The gender wise comparison is interesting. Despite having much fewer women's response, we still observe that there are 4% more women with master's, 2% more with a bachelor's degree and 1% more with doctoral's. Conclusively, Kaggle women hold more full time degrees than their male counterparts.

## Occupations

Let's move on to diving into the occupations part - what occupations do pythonists pursue?

In [None]:
occupation = python["Q5"].value_counts()

# Explore gender vs. occupation
gen_occu = python[["Q2", "Q5"]].groupby("Q2")["Q5"].value_counts().unstack()
gen_occu = gen_occu.transpose()
gen_occu.drop(["Nonbinary", "Prefer to self-describe", "Prefer not to say"],
              axis=1, inplace=True)

fig, (ax1, ax2) = plt.subplots(1, 2, figsize=(30, 30), dpi=150)

p1 = sb.barplot(x=gen_occu.Man,
                y=gen_occu.index,
                data=gen_occu,
                color='lightblue',
                ax=ax1)

p2 = sb.barplot(x=gen_occu.Woman,
                y=gen_occu.index,
                data=gen_occu,
                color='lightcoral',
                ax=ax2)

ax2.invert_xaxis()
ax2.yaxis.set_ticks_position("right")

sb.despine(left=True)
ax1.set_xlabel('')
ax1.set_ylabel('')
ax1.tick_params(labelsize=25)
ax2.set_xlabel('')
ax2.set_ylabel('')
ax2.tick_params(labelsize=25)
ax1.set_title("Occupations (Python, Men)", fontweight='bold', loc="left", fontsize=30)
ax2.set_title("Occupations (Python, Women)", fontweight='bold', loc="right", fontsize=30)

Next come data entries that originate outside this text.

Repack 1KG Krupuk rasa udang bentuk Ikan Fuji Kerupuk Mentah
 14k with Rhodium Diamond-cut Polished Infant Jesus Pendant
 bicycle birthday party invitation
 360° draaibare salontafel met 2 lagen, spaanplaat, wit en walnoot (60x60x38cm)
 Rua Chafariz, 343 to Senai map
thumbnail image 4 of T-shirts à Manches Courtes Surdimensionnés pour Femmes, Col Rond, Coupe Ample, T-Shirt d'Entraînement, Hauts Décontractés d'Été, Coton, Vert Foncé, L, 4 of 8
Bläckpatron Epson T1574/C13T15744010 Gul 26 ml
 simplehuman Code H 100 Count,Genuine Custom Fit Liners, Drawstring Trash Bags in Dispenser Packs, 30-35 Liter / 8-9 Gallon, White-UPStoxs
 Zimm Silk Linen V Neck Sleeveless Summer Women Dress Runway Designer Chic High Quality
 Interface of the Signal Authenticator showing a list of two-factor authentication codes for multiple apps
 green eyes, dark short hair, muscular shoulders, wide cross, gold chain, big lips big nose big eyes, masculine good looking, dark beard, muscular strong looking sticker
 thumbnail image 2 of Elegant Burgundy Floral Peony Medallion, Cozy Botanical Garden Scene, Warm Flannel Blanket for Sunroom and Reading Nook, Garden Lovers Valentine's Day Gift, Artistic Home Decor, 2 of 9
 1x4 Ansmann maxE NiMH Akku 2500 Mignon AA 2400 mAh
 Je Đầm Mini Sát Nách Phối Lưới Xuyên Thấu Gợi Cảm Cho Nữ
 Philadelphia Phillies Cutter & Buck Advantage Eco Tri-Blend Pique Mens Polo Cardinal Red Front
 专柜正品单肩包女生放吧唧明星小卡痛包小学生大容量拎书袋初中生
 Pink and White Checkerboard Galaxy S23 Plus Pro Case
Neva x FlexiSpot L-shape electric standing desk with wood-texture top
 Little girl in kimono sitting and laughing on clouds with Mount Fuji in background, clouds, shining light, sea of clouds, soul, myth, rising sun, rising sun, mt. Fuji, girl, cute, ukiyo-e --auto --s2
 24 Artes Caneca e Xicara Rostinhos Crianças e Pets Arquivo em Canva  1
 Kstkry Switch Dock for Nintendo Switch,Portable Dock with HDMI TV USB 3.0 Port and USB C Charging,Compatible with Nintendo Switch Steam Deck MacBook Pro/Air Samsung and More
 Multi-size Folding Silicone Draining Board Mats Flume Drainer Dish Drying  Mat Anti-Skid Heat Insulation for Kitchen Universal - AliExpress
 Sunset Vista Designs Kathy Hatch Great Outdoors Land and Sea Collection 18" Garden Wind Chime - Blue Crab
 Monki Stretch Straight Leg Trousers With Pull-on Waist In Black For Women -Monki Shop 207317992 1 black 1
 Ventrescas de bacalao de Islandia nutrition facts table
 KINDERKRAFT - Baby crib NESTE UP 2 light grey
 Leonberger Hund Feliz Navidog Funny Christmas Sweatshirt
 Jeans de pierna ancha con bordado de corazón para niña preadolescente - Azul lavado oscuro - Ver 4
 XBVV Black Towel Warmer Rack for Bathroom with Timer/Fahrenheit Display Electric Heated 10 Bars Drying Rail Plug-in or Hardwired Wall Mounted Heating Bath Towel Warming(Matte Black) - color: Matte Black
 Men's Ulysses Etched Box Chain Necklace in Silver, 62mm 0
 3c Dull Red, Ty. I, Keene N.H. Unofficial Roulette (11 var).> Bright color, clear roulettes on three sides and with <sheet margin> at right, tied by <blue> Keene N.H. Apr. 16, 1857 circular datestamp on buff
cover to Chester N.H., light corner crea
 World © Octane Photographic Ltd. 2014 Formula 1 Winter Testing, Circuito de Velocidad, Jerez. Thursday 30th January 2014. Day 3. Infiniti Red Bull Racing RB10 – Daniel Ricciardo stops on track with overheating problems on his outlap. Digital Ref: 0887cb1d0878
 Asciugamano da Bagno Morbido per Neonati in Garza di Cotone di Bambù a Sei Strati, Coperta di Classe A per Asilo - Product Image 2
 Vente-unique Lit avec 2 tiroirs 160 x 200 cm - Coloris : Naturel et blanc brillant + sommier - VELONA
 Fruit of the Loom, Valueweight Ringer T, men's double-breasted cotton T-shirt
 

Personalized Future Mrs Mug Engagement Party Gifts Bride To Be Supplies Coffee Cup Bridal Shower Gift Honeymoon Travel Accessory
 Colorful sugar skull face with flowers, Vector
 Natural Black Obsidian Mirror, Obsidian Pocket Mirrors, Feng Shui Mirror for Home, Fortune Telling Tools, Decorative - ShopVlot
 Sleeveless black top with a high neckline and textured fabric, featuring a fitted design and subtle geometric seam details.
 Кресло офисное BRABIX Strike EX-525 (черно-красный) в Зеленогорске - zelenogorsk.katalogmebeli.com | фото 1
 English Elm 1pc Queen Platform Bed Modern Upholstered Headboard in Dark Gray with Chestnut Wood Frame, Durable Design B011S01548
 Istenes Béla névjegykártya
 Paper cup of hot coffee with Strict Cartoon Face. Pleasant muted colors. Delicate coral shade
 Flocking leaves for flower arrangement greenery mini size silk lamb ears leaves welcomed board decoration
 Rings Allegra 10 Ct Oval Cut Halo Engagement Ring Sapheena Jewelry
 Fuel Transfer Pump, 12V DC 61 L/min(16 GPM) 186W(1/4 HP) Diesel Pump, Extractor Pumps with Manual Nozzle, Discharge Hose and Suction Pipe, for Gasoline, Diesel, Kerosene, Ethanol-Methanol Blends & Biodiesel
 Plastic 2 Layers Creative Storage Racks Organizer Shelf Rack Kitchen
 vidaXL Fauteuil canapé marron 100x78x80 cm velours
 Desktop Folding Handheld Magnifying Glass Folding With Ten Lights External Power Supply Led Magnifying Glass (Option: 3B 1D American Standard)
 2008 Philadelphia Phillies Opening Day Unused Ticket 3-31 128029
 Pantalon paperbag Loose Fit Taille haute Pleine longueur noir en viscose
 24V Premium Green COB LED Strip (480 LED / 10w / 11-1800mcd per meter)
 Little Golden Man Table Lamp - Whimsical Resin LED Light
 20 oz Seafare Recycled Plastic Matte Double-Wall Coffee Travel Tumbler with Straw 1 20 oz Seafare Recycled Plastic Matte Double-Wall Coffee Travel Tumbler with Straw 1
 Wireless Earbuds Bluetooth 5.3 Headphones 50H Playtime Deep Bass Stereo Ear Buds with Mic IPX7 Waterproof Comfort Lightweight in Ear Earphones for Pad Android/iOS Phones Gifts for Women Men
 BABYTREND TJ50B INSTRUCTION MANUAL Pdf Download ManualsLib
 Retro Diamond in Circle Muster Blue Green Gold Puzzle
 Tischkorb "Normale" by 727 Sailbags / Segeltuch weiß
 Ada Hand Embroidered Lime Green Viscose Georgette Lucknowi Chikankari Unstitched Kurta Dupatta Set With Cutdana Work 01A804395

percent_men = [str(round((i/gen_occu.Man.sum()) * 100, 2)) + "%" for i in gen_occu.Man]
percent_women = [str(round((i/gen_occu.Woman.sum()) * 100, 2)) + "%" for i in gen_occu.Woman]

# Annotate men and women
for perc, num in zip(percent_men, range(len(gen_occu))):
    ax1.annotate(perc,
                   xy=(p1.patches[num].get_width(),
                       p1.patches[num].get_y() + p1.patches[num].get_height()/2),
                   textcoords="offset points",
                   xytext=(28, 0),
                   ha='center', va='center',
                   fontsize=23,
                rotation=-25)

for perc, num in zip(percent_women, range(len(gen_occu))):
    ax2.annotate(perc,
                   xy=(p2.patches[num].get_width(),
                       p2.patches[num].get_y() + p1.patches[num].get_height()/2),
                   textcoords="offset points",
                   xytext=(-30, 0),
                   ha='center', va='center',
                   fontsize=23,
                rotation=-25)

plt.tight_layout(pad=1.0);

The majority of the Python community is student followed by data scientists and interestingly, followed by a considerable unemployed people. Note that that I intentionally kept the x-axis to be expressed in numerals instead of percentages since my idea was to provide primarily the percentage of people under each occupation but also to provide a rough idea of how many people do really work under that occupation.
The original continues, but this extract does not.